[Records from a collection]
========================================
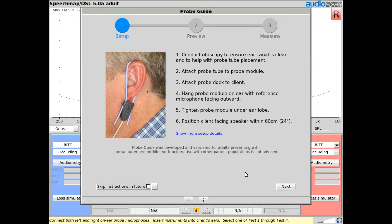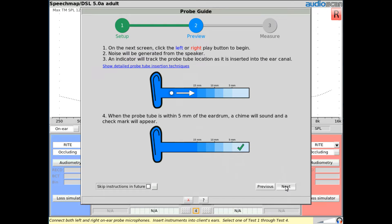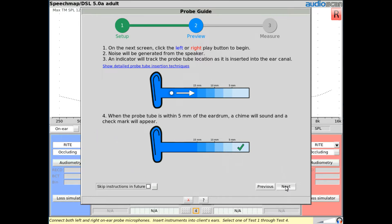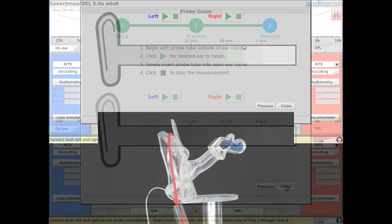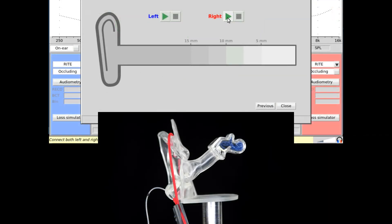Click next to move to the preview screen where the use of ProbeGuide is clearly explained. There's a selection box in the lower left corner which allows the two instruction screens to be skipped in future when ProbeGuide is launched. On the measure screen, simply click the play button to start the placement on the ear of your choice.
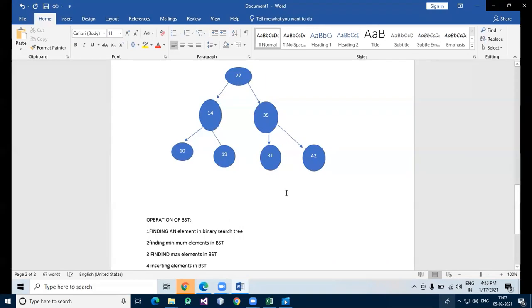For inserting elements, when looking for a place to insert a new key, we traverse the tree from root to leaf, making comparisons with the key stored in the nodes of the tree, and deciding based on the comparisons whether to continue searching in the left or right subtree. In other words, we examine the root and recursively insert the new node to the left subtree if its key is less than that of the root, or to the right subtree if its key is greater than or equal to that of the root.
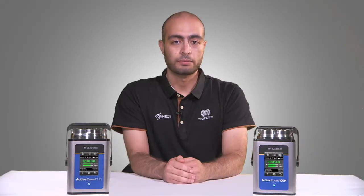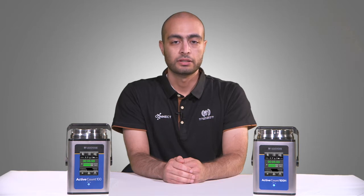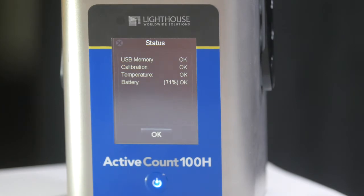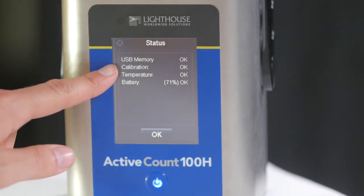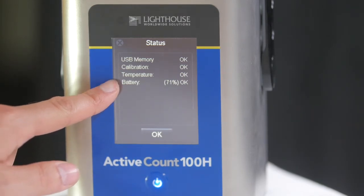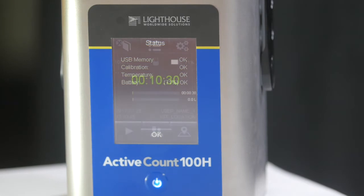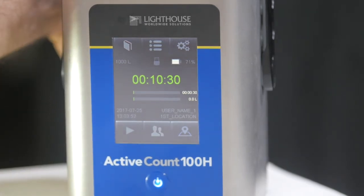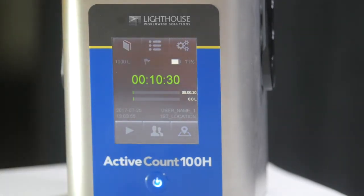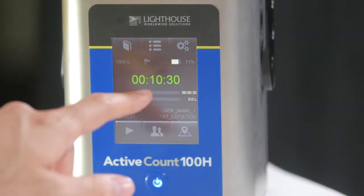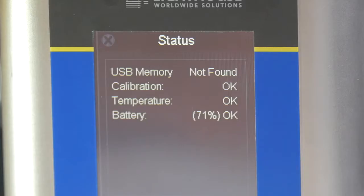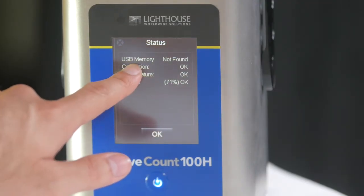Next, we have the status screen. If at any point you find a flag icon appear on the main screen, you will enter the status screen to find out the reason for the warning. Here we have diagnostics for USB memory, calibration, temperature, and battery health. For example, if I remove the USB flash memory, I will see a flag icon appear on the screen. Go back to the settings menu, click on the status screen, and it will indicate the cause of the warning — here it says the USB memory is not found.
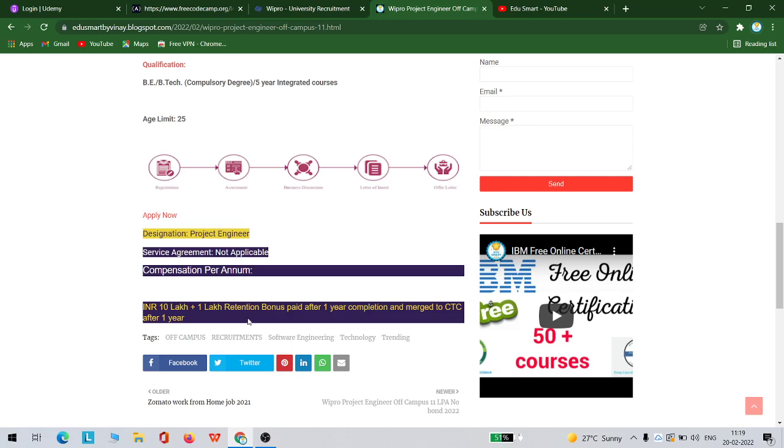Or even at the end of the year, but this will be merged to your CTC, which means your CTC at Wipro Project Engineer will be 11 LPA.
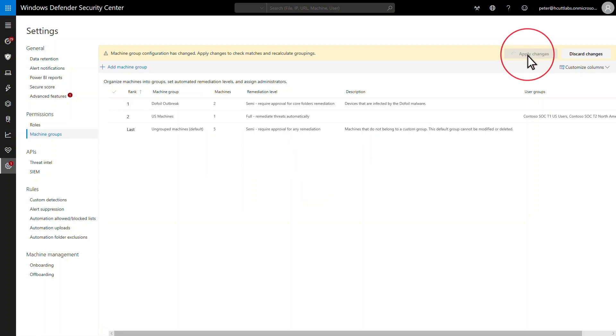Otherwise, the machines you tag during the investigation will match their original groups instead of the specialty group.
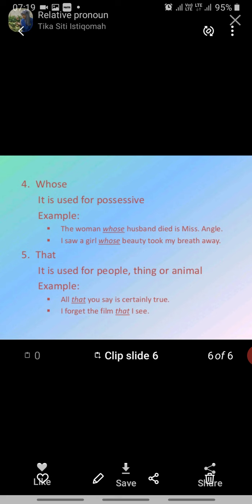The fourth relative pronoun is 'whose,' which works as a possessive pronoun. For example: 'The woman whose has been died is Miss Angel.' Next example: 'I saw a girl whose beauty took my breath away.' So 'whose' is used as a possessive pronoun in the sentence, and it is also called a relative pronoun.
========================================
### Your goal
Only the lines from the one with "Or even at the" through the final line of the data should be written out, exactly and including both ends. Skip the pictures.

### Answer below
Or even at the end of the year, but this will be merged to your CTC, which means your CTC at Wipro Project Engineer will be 11 LPA.
Otherwise, the machines you tag during the investigation will match their original groups instead of the specialty group.
The fourth relative pronoun is 'whose,' which works as a possessive pronoun. For example: 'The woman whose has been died is Miss Angel.' Next example: 'I saw a girl whose beauty took my breath away.' So 'whose' is used as a possessive pronoun in the sentence, and it is also called a relative pronoun.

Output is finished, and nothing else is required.